While Superman’s debut launched the comic book superhero genre, it had peaked and waned in the years after World War 2. The Fantastic Four not only re-kindled interest in the genre, it set it on the path to near total conquest of the American comic book landscape. This one book acted as a cauldron for concepts that shaped the entire industry, both in a fictional and technical sense. It was working on this book where Kirby and Lee pioneered the “Marvel Method”, where instead of a full script, the writer contributed a broad outline, leaving the artist discretion to shape individual story beats, with the writer then returning at the end of the process to craft dialogue. This was the method that allowed Stan Lee to be so insanely prolific throughout the sixties and much of the seventies. The book also introduced more psychological and narrative complexity than was typical of comic books of the era, when they were still seen as a medium for children. And, of course, I could spend all day listing the iconic characters that were introduced in the pages of this one book and how it acted as the Big Bang for the nascent Marvel comics universe. Fantastic Four was the book where Stan Lee became STAN LEE and Jack Kirby became JACK KIRBY. Although they were both seasoned industry veterans, it was here that Lee honed his trademark mix of action, medodrama and wise-acre comedy. And Kirby? Kirby underwent a transformation from a talented artist to a one-of-a-kind icon of the medium.

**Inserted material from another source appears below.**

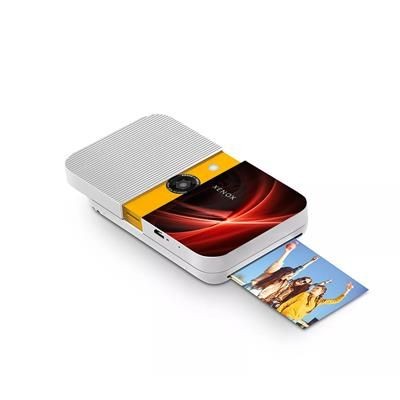 Branded Promotional KODAK SMILE INSTANT PRINT DIGITAL CAMERA Camera From Concept Incentives.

As for adaptation to other media, the Four has been well represented with numerous animated series and a radio show in the seventies starring NO FUCKING WAY THAT IS TRUE! BILL MURRAY?! BILL MURRAY PLAYED THE HUMAN TORCH!!!?!

But for such an important property, the jump to live action took a lot longer. This is just a difficult property to adapt. It’s one thing to stick a stuntman in a Spider-man costume and have him punch a few goons. It’s quite another to set him on fire and launch him into space to battle world-devouring space gods (the union will fucking eat you alive). So it wasn’t until the late eighties when special effects driven science fiction was having a moment that the rights were finally sold. That resulted in a movie so good that Roger Corman hid it under the floorboards to ensure it was never tainted by the eyes of a sinful world. Come the 2000s the rights were picked up by Fox and we got the Time Story duology which, while undergoing something of a positive reappraisal these days, were deeply compromised.
Then there was JESUS CHRIST WHAT EVEN IS THIS?

But, at last, here we are. The Fantastic Four, in the MCU, as God and Kevin Feige intended, coming back to rekindle interest in a superhero genre that had almost died due to lack of interest.